* [Try it] When you reach the line containing "30 Pretty Telescope Tattoos You Will Love" in the entries below, begin reproducing lines exactly, and stop once the line containing "Versatile Adjustable International" is done.
======== Records for the exercise ========
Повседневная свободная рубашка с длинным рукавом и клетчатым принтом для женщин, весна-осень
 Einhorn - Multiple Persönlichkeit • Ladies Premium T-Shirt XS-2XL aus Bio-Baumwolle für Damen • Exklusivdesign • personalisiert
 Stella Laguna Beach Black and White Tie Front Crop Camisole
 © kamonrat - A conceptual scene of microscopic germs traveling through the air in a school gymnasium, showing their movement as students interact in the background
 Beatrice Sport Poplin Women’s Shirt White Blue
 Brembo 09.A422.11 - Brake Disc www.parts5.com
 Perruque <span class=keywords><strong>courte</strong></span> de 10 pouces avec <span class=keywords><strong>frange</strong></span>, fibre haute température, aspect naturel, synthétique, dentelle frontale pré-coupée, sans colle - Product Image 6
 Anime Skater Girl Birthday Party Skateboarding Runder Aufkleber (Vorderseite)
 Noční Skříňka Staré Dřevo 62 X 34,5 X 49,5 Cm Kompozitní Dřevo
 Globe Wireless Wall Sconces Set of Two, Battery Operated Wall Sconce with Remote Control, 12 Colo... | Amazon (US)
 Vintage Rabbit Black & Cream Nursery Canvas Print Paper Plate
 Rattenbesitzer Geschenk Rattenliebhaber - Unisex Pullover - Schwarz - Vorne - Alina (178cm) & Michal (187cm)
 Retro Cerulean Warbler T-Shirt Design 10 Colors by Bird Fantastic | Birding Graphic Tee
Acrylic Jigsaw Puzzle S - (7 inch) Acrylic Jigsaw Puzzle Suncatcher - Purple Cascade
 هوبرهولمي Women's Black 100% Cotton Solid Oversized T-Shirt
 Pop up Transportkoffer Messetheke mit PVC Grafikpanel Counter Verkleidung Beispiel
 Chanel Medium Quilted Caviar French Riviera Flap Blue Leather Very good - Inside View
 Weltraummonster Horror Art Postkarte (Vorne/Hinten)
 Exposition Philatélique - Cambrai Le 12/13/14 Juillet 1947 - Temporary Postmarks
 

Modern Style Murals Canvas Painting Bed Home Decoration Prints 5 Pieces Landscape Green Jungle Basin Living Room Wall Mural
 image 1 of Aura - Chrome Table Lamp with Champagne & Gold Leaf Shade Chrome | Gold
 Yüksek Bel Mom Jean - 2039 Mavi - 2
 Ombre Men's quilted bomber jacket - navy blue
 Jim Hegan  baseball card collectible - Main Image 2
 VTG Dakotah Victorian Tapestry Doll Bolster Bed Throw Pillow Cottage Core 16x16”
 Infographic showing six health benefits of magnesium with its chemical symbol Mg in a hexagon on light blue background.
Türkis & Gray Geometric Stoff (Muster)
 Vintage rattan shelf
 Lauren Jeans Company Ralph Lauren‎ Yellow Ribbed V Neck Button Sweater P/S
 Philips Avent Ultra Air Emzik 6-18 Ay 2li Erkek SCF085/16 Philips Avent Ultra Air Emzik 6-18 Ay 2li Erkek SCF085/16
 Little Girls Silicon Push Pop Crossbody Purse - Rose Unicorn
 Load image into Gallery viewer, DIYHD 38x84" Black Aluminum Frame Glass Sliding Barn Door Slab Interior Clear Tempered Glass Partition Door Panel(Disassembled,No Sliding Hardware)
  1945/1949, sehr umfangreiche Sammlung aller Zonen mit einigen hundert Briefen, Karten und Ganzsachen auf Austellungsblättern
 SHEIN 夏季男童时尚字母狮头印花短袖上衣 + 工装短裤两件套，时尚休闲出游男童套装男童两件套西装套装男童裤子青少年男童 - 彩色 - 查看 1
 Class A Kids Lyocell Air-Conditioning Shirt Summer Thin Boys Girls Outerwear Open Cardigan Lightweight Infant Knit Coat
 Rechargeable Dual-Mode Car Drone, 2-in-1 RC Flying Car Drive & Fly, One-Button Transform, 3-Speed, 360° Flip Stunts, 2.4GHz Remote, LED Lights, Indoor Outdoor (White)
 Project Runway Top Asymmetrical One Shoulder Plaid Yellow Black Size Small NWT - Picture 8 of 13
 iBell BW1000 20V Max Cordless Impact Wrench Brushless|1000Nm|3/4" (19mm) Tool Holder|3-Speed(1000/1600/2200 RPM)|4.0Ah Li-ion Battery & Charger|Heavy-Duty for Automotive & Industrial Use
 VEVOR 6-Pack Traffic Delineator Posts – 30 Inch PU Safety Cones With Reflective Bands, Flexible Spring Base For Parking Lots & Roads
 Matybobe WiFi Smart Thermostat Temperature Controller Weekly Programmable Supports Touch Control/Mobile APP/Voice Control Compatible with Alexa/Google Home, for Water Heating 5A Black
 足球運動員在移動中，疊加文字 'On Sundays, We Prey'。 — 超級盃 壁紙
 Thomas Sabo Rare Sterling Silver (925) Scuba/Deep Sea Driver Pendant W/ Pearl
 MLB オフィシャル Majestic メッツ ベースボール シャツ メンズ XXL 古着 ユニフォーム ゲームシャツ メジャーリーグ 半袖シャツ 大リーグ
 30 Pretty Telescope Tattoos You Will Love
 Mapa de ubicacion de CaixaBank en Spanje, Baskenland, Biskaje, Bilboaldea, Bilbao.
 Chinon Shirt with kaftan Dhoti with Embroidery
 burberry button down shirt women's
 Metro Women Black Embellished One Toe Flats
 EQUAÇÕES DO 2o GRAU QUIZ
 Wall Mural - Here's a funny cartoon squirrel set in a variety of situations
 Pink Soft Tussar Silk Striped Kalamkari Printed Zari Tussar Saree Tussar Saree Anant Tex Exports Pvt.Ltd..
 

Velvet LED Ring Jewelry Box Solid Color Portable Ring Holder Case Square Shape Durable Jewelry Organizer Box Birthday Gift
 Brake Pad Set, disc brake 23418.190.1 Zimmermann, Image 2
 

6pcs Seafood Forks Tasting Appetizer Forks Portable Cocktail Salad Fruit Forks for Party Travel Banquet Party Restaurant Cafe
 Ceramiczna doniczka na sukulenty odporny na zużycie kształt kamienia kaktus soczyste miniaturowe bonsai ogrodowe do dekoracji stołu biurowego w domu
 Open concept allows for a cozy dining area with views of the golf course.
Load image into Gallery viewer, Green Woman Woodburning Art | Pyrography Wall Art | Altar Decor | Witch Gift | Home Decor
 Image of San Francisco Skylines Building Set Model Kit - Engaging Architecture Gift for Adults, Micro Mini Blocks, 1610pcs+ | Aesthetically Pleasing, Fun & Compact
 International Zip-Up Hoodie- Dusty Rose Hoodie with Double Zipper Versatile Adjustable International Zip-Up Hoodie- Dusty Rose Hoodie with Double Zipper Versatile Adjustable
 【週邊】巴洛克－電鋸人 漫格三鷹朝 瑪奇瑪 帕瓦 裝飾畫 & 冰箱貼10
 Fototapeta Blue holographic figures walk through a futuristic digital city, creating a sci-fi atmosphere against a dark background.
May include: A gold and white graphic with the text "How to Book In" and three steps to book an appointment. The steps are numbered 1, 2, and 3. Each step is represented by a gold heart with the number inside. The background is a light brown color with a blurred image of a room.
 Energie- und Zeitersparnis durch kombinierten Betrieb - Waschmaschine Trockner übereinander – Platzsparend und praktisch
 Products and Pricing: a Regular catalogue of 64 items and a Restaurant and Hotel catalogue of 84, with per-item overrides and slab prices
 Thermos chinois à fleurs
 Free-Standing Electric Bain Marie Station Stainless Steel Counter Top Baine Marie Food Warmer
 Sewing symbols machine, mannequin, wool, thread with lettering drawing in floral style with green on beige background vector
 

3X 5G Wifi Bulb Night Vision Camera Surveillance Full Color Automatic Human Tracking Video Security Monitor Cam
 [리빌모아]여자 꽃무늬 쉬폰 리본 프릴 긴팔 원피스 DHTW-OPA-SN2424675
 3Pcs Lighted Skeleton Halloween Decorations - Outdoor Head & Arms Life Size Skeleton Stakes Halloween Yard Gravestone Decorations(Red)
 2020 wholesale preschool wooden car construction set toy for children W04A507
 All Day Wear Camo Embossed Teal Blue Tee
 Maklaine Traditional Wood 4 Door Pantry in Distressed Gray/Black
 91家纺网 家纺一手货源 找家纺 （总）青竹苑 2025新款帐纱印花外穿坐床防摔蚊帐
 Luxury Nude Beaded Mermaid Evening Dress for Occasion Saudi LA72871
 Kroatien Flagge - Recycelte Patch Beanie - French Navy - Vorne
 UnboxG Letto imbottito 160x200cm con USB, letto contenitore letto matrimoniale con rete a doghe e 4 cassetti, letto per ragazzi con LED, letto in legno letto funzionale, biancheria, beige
========
* [Exercise solution]
 30 Pretty Telescope Tattoos You Will Love
 Mapa de ubicacion de CaixaBank en Spanje, Baskenland, Biskaje, Bilboaldea, Bilbao.
 Chinon Shirt with kaftan Dhoti with Embroidery
 burberry button down shirt women's
 Metro Women Black Embellished One Toe Flats
 EQUAÇÕES DO 2o GRAU QUIZ
 Wall Mural - Here's a funny cartoon squirrel set in a variety of situations
 Pink Soft Tussar Silk Striped Kalamkari Printed Zari Tussar Saree Tussar Saree Anant Tex Exports Pvt.Ltd..
 

Velvet LED Ring Jewelry Box Solid Color Portable Ring Holder Case Square Shape Durable Jewelry Organizer Box Birthday Gift
 Brake Pad Set, disc brake 23418.190.1 Zimmermann, Image 2
 

6pcs Seafood Forks Tasting Appetizer Forks Portable Cocktail Salad Fruit Forks for Party Travel Banquet Party Restaurant Cafe
 Ceramiczna doniczka na sukulenty odporny na zużycie kształt kamienia kaktus soczyste miniaturowe bonsai ogrodowe do dekoracji stołu biurowego w domu
 Open concept allows for a cozy dining area with views of the golf course.
Load image into Gallery viewer, Green Woman Woodburning Art | Pyrography Wall Art | Altar Decor | Witch Gift | Home Decor
 Image of San Francisco Skylines Building Set Model Kit - Engaging Architecture Gift for Adults, Micro Mini Blocks, 1610pcs+ | Aesthetically Pleasing, Fun & Compact
 International Zip-Up Hoodie- Dusty Rose Hoodie with Double Zipper Versatile Adjustable International Zip-Up Hoodie- Dusty Rose Hoodie with Double Zipper Versatile Adjustable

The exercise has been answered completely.